Can Britain's retail king conquer U.S.?

STORY HIGHLIGHTS
  • British retail billionaire Sir Philip Green aims to make his fashion brand big in the U.S.
  • Editor-in-chief of American Vogue thinks Green will be successful where many others have failed
  • Green's Topshop has a flagship store in Manhattan with expansion plans to other U.S. cities

Watch the "Revealed" show with Sir Philip Green on CNN: Wednesday, March 16: 7.30, 17.30 Saturday, March 19: 7.30, 12.30, 18.30 Sunday, March 20: 5.30, 17.30 Monday, March 21: 3.30 (GMT)
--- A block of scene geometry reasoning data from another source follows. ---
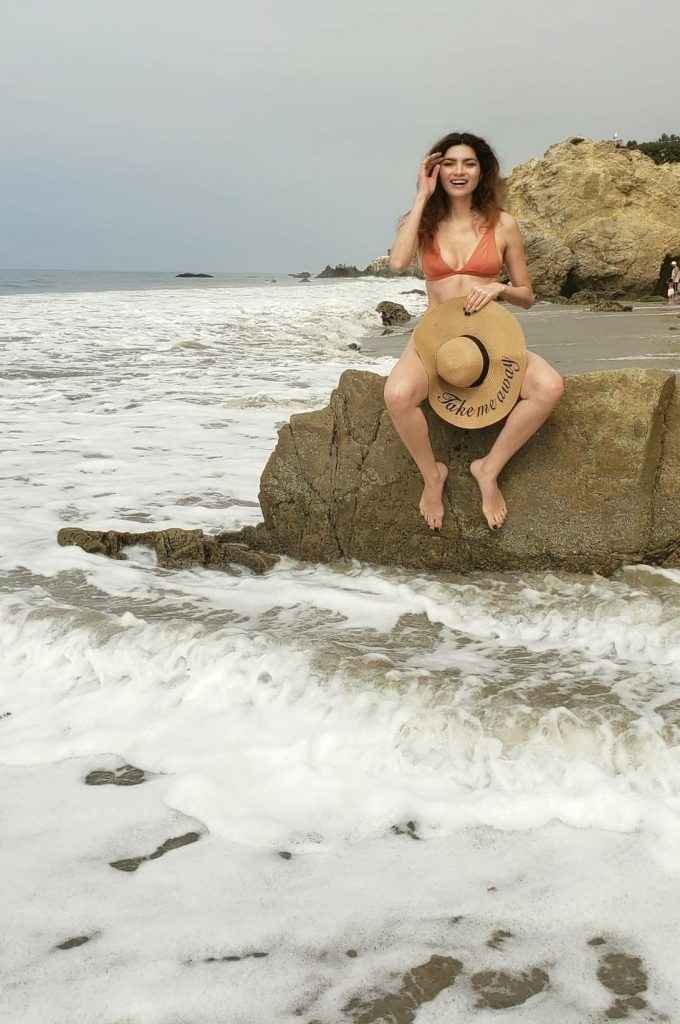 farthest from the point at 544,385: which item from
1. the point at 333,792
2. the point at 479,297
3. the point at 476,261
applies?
the point at 333,792

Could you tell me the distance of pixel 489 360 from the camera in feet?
11.4

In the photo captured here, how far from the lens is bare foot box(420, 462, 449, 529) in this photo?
3.61m

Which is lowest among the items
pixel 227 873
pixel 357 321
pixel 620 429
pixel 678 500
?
pixel 227 873

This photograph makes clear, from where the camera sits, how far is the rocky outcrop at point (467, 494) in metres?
3.48

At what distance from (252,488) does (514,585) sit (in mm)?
2070

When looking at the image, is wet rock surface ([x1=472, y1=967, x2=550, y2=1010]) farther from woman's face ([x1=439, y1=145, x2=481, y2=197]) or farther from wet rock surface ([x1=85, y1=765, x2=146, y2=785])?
woman's face ([x1=439, y1=145, x2=481, y2=197])

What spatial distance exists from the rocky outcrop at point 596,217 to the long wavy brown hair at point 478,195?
23539 millimetres

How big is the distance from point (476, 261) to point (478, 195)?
0.33m

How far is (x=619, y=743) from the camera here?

(CNN) -- Sir Philip Green is the retail king of Great Britain, but can his empire of clothing stores conquer the U.S.?

The launch of his flagship Topshop store in New York was delayed and coincided with the height of recession two years ago, but the self-made billionaire still believes he can crack America.

"There's nothing I have seen that tells me we can't get this brand to work in America," says Green.

Green's Arcadia Group has over 2,500 outlets in the UK, including affordable fashion chain, Topshop, and employs over 44,000 staff.

Asking Kate Moss to design a collection was a very smart move.
--Anna Wintour, editor-in-cheif, Vogue

His transformation of Topshop from cheap high street shop to a fashion-forward brand has grabbed the attention of supermodels, fashionistas and the queen of fashion, U.S. Vogue editor-in-chief, Anna Wintour. A good combination to grow a brand in the U.S.

"Philip has a larger than life personality... (He) has been very successful in attracting attention for Topshop," says Wintour.

"Asking Kate Moss to design a collection that really put the spotlight on Topshop in a way that hadn't before, so that was a very smart move."

The supermodel is no-longer connected to the brand, but the New York store has weathered the recession and built up the brand despite some misgivings from Green himself.

"Being honest, would I rather be a hundred meters further north in Broadway? Yes, I would," he says.

"Is it the furthest south a retailer has taken on that's never traded in America? Did we take a site that was horrid, did it have risk in terms of where it is, how far down SoHo it is, getting people to come down there?"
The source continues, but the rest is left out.